📉 Dolar AS Tertekan
Indeks Dolar AS jatuh di bawah level 99, terendah sejak akhir Mei, setelah Departemen Keuangan AS mengumumkan akan melipatgandakan program buyback obligasi jangka panjang. Langkah ini menandakan intervensi aktif untuk menekan imbal hasil obligasi jangka panjang dan meningkatkan likuiditas dolar melalui Treasury General Account.
- Jepang dan AS sebelumnya juga melakukan intervensi di pasar valas, mempercepat pelemahan dolar.
- Menteri Keuangan Bessent menyerukan peningkatan batas fasilitas FIMA agar negara asing bisa mengakses likuiditas dolar tanpa harus intervensi langsung di pasar valas.
- Risalah FOMC menunjukkan sebagian anggota masih melihat alasan untuk kenaikan suku bunga guna mengantisipasi inflasi.

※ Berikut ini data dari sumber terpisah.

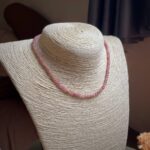 Choker Tourmaline 3-4ly - Pink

🪙 Emas Menguat ke Puncak Baru
Harga emas melonjak ke $4.480 per ounce, tertinggi sejak awal Juni, mengikuti reli obligasi jangka panjang AS.
- Buyback obligasi menurunkan biaya pinjaman, sehingga opportunity cost memegang emas (yang tidak memberikan kupon) menjadi lebih rendah.
- Peningkatan likuiditas dolar juga mendukung permintaan emas sebagai aset lindung nilai.
- Risalah FOMC menegaskan sebagian pembuat kebijakan masih mendorong kenaikan suku bunga tahun ini untuk mencegah tekanan inflasi lebih tajam.
📌 Kesimpulan
Kebijakan buyback obligasi jangka panjang oleh Departemen Keuangan AS menekan dolar ke level terendah sejak Mei, sementara emas justru terdorong naik ke level tertinggi dua bulan. Likuiditas dolar yang meningkat dan biaya pinjaman yang lebih rendah memperkuat daya tarik emas, meski sebagian pejabat Fed tetap membuka opsi kenaikan suku bunga.